Maddi olarak ele alınca, ev sahibi olma gibi genel bir dileğe baktığımızda buradaki doyumsuzluğun de belirli faktörler tarafından kısıtlandığını görürüz. Hatta en temelde yatan yargı olarak ‘başını sokacak yuva’ anlayışı ekonomiyle doğru orantılı olarak şekilleniyor.
Ekonominin elverdiği ölçütlerde istek temel ihtiyaçlardan sıyrılıyor. Daha iyi bir ev, daha yeni bir bina, daha temiz bir çevre, daha elit insanların yer aldığı muhit gibi şartlara bağlanabiliyor.
Bu noktada ev sahibi olmak isteyen kişi satın alabileceğinin 2-5 katı fiyatlarına sahip evleri örnek göstererek beğendiğini ancak bu kadar yükseklerde gözü olmadığını da vurguluyor.

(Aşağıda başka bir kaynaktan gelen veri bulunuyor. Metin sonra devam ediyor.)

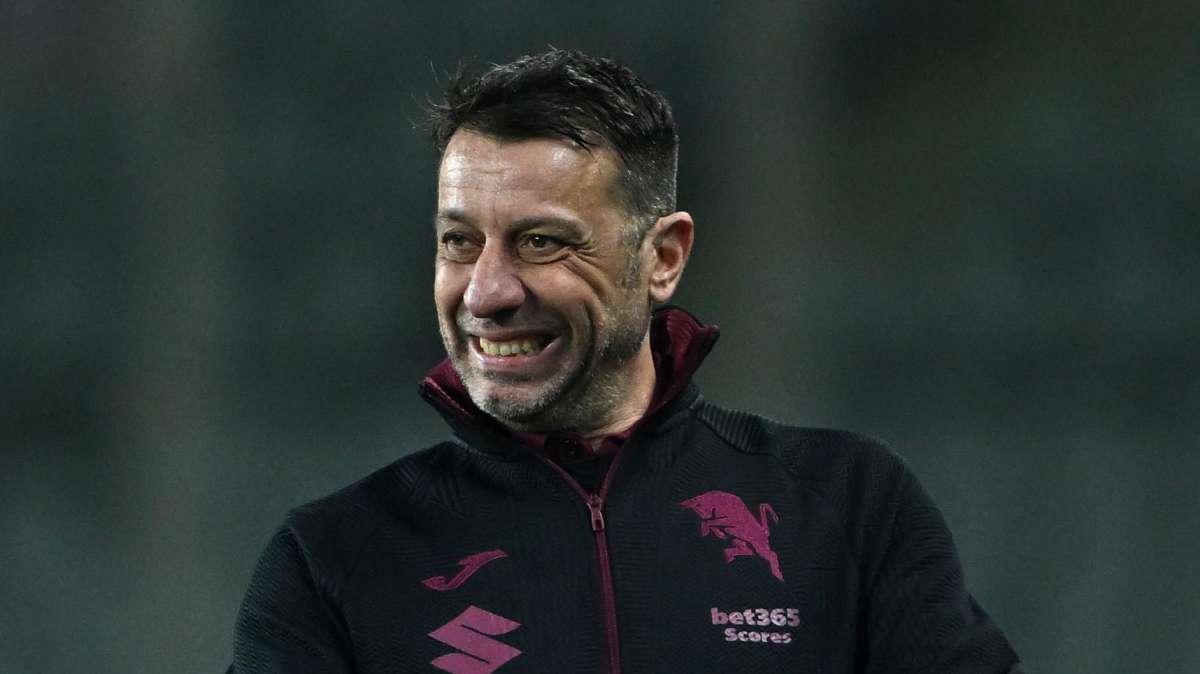 Torino, D'Aversa: "Abbiamo qualità, lo abbiamo dimostrato contro la Lazio"
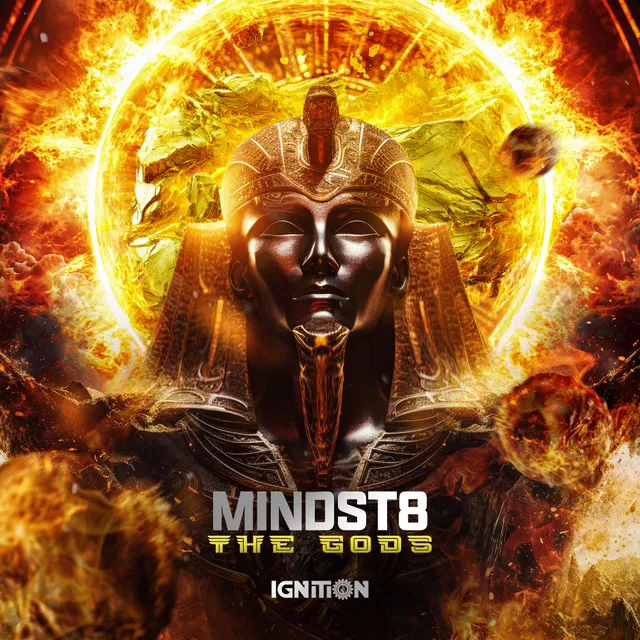 The Gods by Mindst8 - Hardstyle cover art
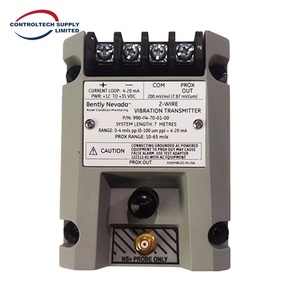 Transmisor de Protección Original Nuevo Bentley Nevada 990-04-XX-01-05 con Salida de Señal de 4-20 mA para Sistemas de Automatización Industrial - Product Image 4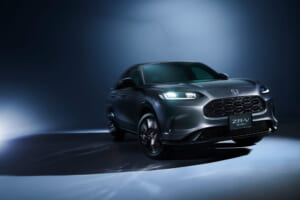 「ZR-V」に関する情報をホームページで先行公開 ～e:HEV Zに特別仕様車「CROSS TOURING」を設定し3月下旬に登場予定～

Sınırı belirleyen şey ekonominin el verişliği. Yoksa insan aynı insan. Hepimiz daha iyisine sahip olmak istiyoruz ancak bazı koşullarımız yetmediği için kendimizi avutuyoruz. Bunun yanında bir de alçak gönüllü olduğumuza inandırıyoruz kendimizi.
Doyumsuz olduğumuz değişmeyen gerçek.